* _Your task_
Your task is to repeat the entries exactly from their first line through the line with "Windows Template Studio Prism uwp project", and to stop there.

[Data excerpts]

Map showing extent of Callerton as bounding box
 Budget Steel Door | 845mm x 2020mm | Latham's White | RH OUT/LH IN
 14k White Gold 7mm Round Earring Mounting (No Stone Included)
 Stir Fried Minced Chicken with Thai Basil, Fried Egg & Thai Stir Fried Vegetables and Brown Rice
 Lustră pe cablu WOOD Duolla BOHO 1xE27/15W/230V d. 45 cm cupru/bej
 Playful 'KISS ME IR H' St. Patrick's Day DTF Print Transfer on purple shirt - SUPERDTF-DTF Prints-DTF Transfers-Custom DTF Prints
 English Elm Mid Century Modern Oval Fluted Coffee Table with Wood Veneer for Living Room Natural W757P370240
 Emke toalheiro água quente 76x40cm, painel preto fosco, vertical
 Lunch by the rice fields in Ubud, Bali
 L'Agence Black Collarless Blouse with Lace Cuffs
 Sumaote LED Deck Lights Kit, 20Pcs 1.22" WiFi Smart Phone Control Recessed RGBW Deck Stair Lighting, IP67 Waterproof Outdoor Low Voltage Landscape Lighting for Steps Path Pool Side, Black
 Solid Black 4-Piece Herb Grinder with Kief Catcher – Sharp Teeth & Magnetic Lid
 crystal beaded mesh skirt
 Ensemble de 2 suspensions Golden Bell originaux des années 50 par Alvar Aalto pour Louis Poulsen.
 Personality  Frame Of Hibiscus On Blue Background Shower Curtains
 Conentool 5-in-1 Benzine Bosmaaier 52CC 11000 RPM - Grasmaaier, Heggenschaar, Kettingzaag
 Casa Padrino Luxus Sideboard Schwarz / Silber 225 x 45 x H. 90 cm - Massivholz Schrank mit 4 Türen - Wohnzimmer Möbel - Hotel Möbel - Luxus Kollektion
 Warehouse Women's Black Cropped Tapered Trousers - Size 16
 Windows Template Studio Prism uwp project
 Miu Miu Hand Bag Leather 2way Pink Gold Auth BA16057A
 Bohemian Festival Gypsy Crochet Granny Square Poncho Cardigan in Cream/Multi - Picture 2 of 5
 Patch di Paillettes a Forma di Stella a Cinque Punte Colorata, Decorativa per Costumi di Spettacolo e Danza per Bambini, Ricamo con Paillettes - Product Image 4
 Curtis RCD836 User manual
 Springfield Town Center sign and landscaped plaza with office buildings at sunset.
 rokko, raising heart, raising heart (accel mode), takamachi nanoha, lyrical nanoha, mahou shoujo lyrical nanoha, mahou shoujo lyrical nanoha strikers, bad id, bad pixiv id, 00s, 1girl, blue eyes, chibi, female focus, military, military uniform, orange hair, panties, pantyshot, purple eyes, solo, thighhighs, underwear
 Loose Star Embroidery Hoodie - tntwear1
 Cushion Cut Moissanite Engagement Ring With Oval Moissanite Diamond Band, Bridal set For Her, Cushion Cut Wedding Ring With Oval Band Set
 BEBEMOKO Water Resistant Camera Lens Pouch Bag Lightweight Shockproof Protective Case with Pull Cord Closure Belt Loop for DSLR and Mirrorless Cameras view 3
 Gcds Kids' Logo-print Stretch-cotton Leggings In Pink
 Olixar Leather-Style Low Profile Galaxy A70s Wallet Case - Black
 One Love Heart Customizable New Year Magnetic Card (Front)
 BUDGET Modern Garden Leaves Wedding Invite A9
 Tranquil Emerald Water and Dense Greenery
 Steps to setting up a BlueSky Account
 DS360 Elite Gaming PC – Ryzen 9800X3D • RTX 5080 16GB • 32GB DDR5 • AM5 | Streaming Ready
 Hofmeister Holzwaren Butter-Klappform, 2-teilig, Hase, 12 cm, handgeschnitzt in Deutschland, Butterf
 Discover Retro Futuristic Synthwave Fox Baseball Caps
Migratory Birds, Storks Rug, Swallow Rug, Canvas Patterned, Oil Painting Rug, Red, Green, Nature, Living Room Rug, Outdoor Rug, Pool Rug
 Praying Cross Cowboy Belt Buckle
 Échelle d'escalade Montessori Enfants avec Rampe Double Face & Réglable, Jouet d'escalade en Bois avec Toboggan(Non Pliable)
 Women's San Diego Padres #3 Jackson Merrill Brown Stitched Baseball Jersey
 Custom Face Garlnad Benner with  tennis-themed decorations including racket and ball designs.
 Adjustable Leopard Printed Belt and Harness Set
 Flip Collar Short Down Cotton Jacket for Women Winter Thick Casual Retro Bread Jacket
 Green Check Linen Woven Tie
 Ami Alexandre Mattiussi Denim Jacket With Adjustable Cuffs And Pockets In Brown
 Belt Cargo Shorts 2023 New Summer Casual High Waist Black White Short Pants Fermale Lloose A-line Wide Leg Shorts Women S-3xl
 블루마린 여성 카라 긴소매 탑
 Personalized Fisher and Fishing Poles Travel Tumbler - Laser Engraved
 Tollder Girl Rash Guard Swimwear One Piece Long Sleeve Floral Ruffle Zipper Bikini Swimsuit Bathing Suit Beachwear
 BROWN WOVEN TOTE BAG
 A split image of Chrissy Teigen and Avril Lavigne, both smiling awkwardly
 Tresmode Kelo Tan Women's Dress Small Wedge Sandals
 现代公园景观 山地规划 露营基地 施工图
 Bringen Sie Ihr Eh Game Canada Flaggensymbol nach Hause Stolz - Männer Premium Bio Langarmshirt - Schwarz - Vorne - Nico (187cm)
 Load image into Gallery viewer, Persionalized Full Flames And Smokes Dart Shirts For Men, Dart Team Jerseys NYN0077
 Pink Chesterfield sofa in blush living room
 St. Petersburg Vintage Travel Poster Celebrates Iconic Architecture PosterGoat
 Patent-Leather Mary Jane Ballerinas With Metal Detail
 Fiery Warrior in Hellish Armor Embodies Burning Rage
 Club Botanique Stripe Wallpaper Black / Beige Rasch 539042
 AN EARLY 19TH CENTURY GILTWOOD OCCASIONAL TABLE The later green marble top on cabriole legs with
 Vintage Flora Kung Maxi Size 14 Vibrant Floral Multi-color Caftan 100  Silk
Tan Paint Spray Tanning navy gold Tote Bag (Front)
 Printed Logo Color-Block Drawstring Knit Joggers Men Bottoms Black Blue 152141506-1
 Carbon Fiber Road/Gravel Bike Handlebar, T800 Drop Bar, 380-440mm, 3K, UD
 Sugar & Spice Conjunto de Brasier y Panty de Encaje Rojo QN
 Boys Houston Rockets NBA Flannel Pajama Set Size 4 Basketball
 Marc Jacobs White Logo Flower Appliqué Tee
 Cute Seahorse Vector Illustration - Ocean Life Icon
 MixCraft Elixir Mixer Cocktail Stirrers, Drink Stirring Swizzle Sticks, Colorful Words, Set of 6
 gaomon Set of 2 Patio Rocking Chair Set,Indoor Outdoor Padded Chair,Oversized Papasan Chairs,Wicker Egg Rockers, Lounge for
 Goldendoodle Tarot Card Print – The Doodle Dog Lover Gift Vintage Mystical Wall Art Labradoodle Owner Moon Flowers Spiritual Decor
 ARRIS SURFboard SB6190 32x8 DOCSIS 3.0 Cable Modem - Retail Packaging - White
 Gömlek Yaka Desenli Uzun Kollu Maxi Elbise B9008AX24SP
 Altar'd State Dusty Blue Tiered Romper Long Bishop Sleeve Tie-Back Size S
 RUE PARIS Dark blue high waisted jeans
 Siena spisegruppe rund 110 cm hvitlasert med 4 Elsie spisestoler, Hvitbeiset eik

* _Task result_
Map showing extent of Callerton as bounding box
 Budget Steel Door | 845mm x 2020mm | Latham's White | RH OUT/LH IN
 14k White Gold 7mm Round Earring Mounting (No Stone Included)
 Stir Fried Minced Chicken with Thai Basil, Fried Egg & Thai Stir Fried Vegetables and Brown Rice
 Lustră pe cablu WOOD Duolla BOHO 1xE27/15W/230V d. 45 cm cupru/bej
 Playful 'KISS ME IR H' St. Patrick's Day DTF Print Transfer on purple shirt - SUPERDTF-DTF Prints-DTF Transfers-Custom DTF Prints
 English Elm Mid Century Modern Oval Fluted Coffee Table with Wood Veneer for Living Room Natural W757P370240
 Emke toalheiro água quente 76x40cm, painel preto fosco, vertical
 Lunch by the rice fields in Ubud, Bali
 L'Agence Black Collarless Blouse with Lace Cuffs
 Sumaote LED Deck Lights Kit, 20Pcs 1.22" WiFi Smart Phone Control Recessed RGBW Deck Stair Lighting, IP67 Waterproof Outdoor Low Voltage Landscape Lighting for Steps Path Pool Side, Black
 Solid Black 4-Piece Herb Grinder with Kief Catcher – Sharp Teeth & Magnetic Lid
 crystal beaded mesh skirt
 Ensemble de 2 suspensions Golden Bell originaux des années 50 par Alvar Aalto pour Louis Poulsen.
 Personality  Frame Of Hibiscus On Blue Background Shower Curtains
 Conentool 5-in-1 Benzine Bosmaaier 52CC 11000 RPM - Grasmaaier, Heggenschaar, Kettingzaag
 Casa Padrino Luxus Sideboard Schwarz / Silber 225 x 45 x H. 90 cm - Massivholz Schrank mit 4 Türen - Wohnzimmer Möbel - Hotel Möbel - Luxus Kollektion
 Warehouse Women's Black Cropped Tapered Trousers - Size 16
 Windows Template Studio Prism uwp project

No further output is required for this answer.